**SUPPLIED MATERIAL**

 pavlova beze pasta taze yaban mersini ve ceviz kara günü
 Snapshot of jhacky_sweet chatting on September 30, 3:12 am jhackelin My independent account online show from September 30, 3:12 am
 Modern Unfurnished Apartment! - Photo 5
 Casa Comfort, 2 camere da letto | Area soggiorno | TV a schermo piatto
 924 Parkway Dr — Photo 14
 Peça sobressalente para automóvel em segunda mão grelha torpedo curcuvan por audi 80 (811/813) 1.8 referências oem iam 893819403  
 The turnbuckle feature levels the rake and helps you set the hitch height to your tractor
* * *
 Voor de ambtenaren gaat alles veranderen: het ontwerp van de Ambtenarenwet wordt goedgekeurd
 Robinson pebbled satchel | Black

**WORK REQUIRED**
Could you return exactly the lines above from the line with "Voor de ambtenaren" to the line with "Robinson pebbled satchel | Black", both included, and nothing else?

**REPLY TO THE EXERCISE**
 Voor de ambtenaren gaat alles veranderen: het ontwerp van de Ambtenarenwet wordt goedgekeurd
 Robinson pebbled satchel | Black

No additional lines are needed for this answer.